First, we need to consider the size of the remote workforce – the number of home offices. Nicholas Bloom, a Stanford University professor and remote workforce expert, estimates that 50% of the US workforce will be fully or partially remote after the pandemic is receding. Professor Bloom says only 10% of jobs will remain entirely remote, but a staggering number 40% will transition to a hybrid model that incorporates one to two days of fully remote work per week.

Second, we need to consider home office expenses. According to Owl Laboratories, less than 25% of businesses pay the cost of home offices. This situation represents an opportunity for Logitech. With so few organizations having reimbursed employees for the cost of setting up and maintaining a home office, there could be a second wave of purchases once these reimbursement programs are established. Instead of cutting home office spending, Logitech could benefit from a second wave of more modest spending as companies invest in their permanent remote workforce.

A defensive technological value

The recent plunge in Logitech’s stock price fits a larger trend: technology has fallen out of favor. Consider two sector ETFs: Technology ETFs Invesco QQQ Trust (NASDAQ: QQQ) and the SPDR Energy Select Sector Fund (NYSEMKT:XLE).

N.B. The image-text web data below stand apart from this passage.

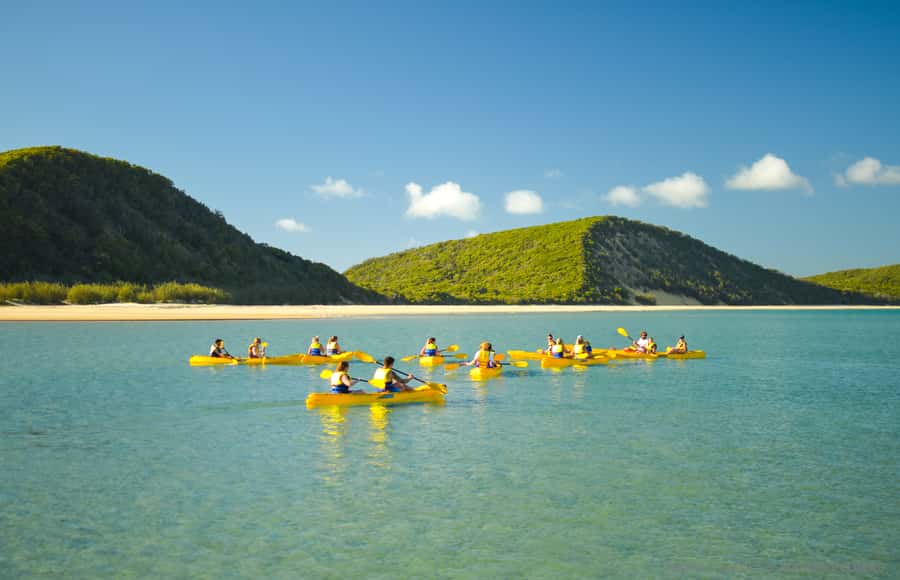 Noosa: Epic Ocean Kayak with Dolphins & 4WD Beach Adventure - Who this tour suits best, and who should skip it
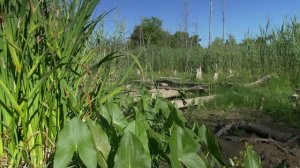 4K Landscape Scene - MorningSwamp - Free Stock Footage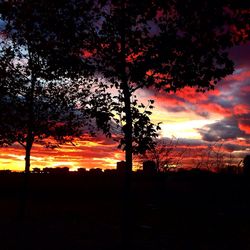 Silhouette of trees at sunset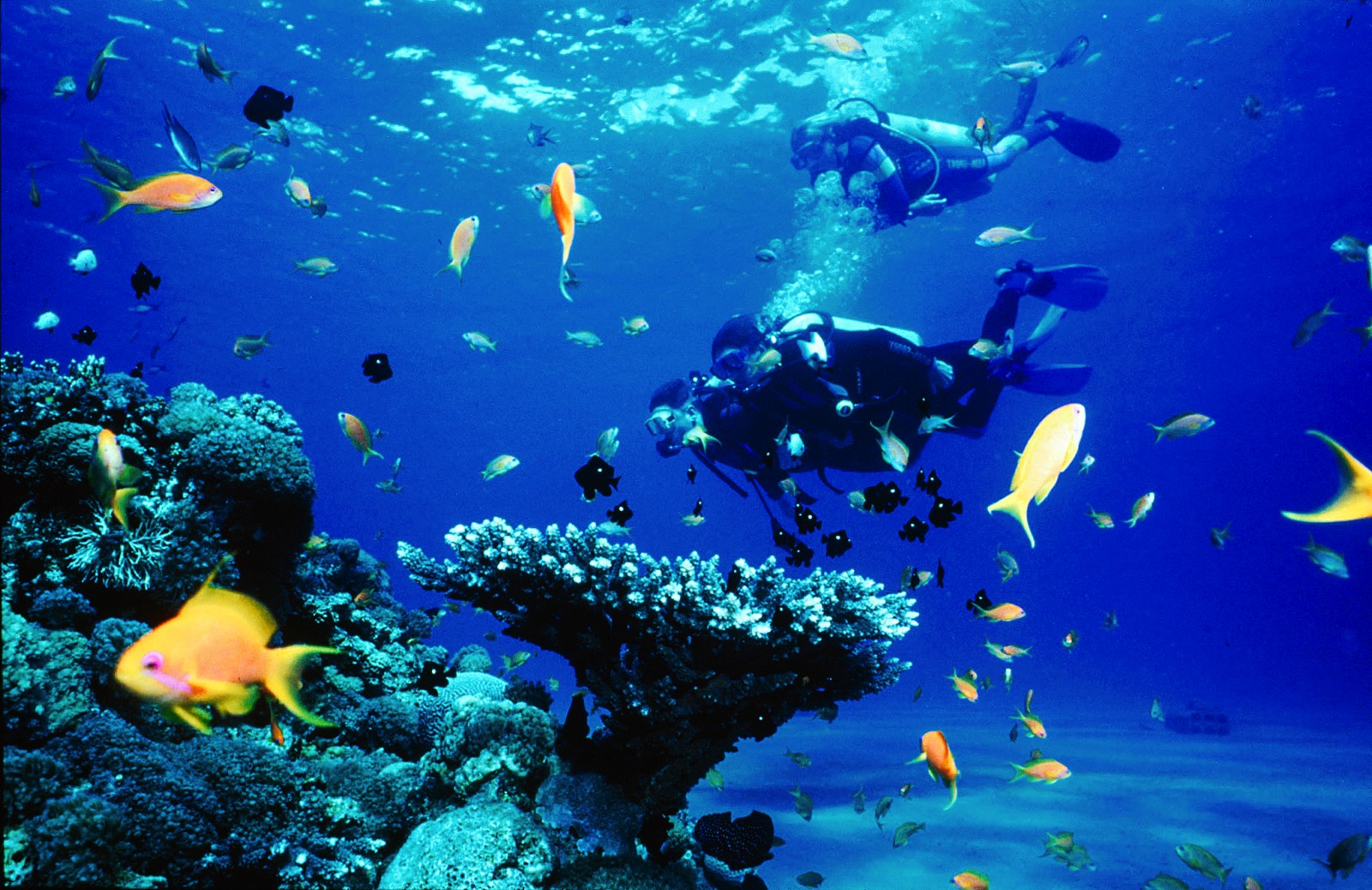 8 Fun Experiences You Need To Have In The Caribbean Island Of Aruba (3)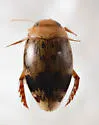 Laccophilus fasciatus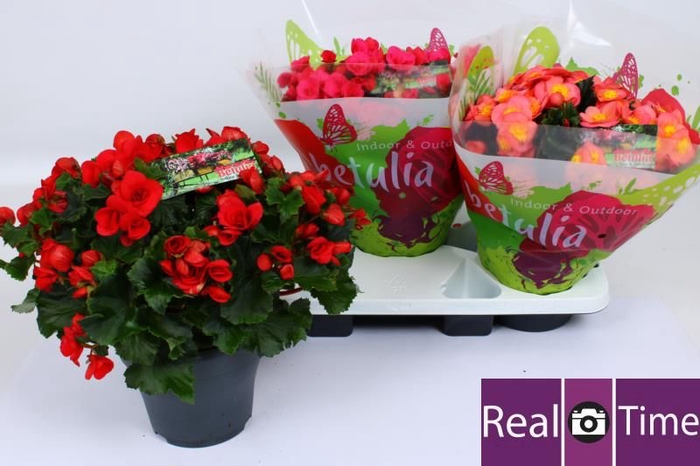 <h4>BEG EN BETULIA GEM</h4>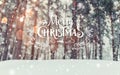 Frosty winter landscape in snowy forest. Xmas background with fir trees and blurred background of winter with text Royalty Free Stock Photo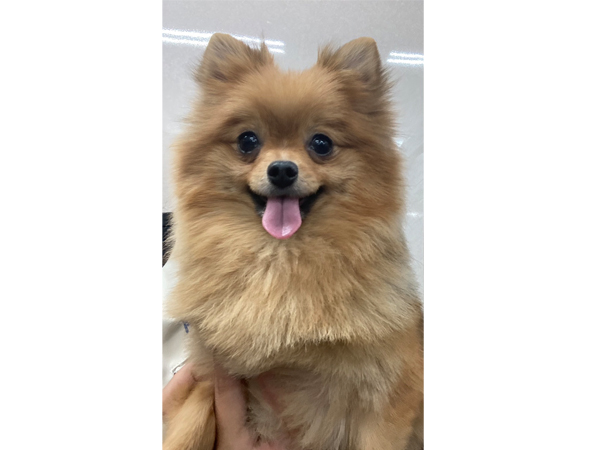 生徒が撮影したモデル犬☆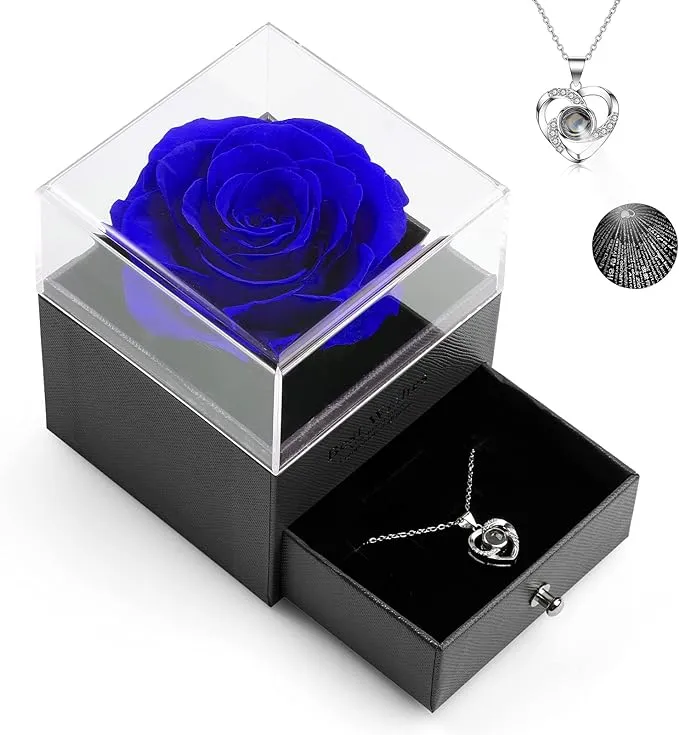 Preserved Real Rose with Heart Necklace and Greeting Card. Forever Gifts NEW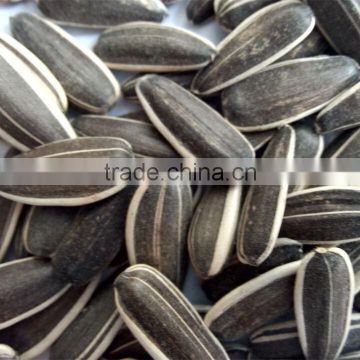 2015 black sunflower seeds 5009, 24/64, 24/68, 28/72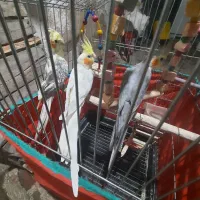 عروس هلندی باهوش و رام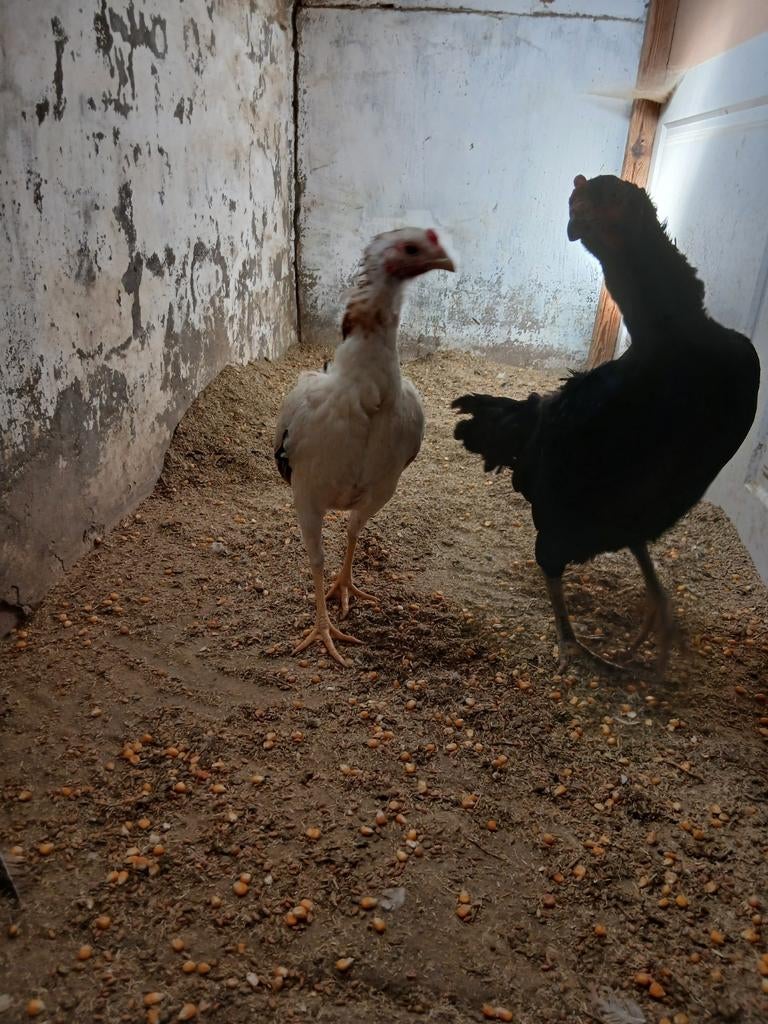 Un soupçon de blé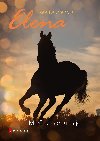 Elena: Mrana nad turnajem - Nele Neuhaus 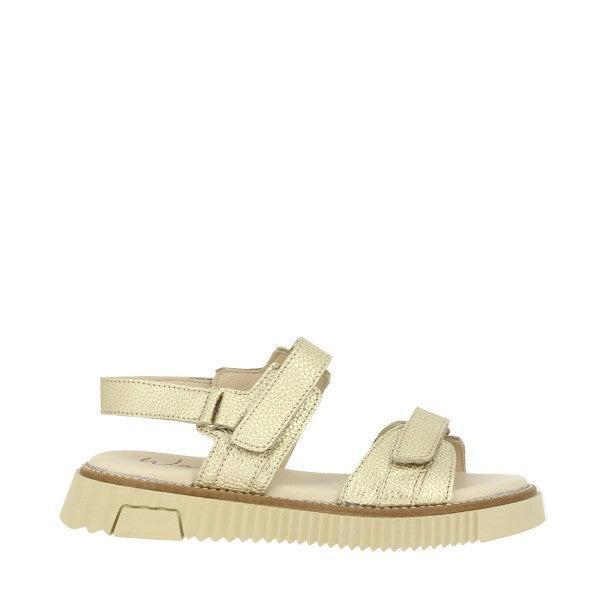 Wave ZEN-60631 PLAINO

Over the past five years, the technology sector has beaten the energy sector – and it wasn’t even close. ETF Invesco QQQ returned 181%, while ETF XLE lost 5%. But since June 2021, it’s a different story, the energy sector’s XLE has beaten Invesco’s QQQ, by 34% to 7%. It’s all part of a larger trend: Investors have been abandoning growth stocks in favor of value stocks amid fears about future interest rate hikes and slowing macroeconomic growth. As a result, high-multiple technology stocks fell and low-multiple energy stocks benefited.

However, Logitech is not a high-flying tech stock trading at a garish valuation, far from it. The CFRA estimates that year-over-year revenue is expected to increase 3.8% in fiscal 2022 and 4.8% in fiscal 2023. Additionally, the stock is trading at 17.6 times earnings, has a forecast dividend yield of 1.2% and generates $8.20/share in free cash. to flow.

Is Logitech a buy here?

When determining if Logitech is right for your wallet, you should keep in mind what the company is – and just as important – what he is not. Simply put, Logitech isn’t sexy. Its P/E ratio of 17.6 is not only well below the average multiple of the S&P 500 (24.7), but it is dwarfed by the average multiple of the technology sector of 32.4. The company’s P/E stance likely reflects lower investor expectations.

After growing revenue, profits and margins during the pandemic, Logitech’s challenge is to sustain those gains as inflation and rising interest rates become a reality.

Yet after its recent price drop, those headwinds are more than cooked. Adding Logitech to your portfolio might be a prudent choice as future growth seems limited, but that doesn’t make it a bad choice.

This article represents the opinion of the author, who may disagree with the “official” recommendation position of a high-end advice service Motley Fool. We are heterogeneous! Challenging an investing thesis — even one of our own — helps us all think critically about investing and make decisions that help us become smarter, happier, and wealthier.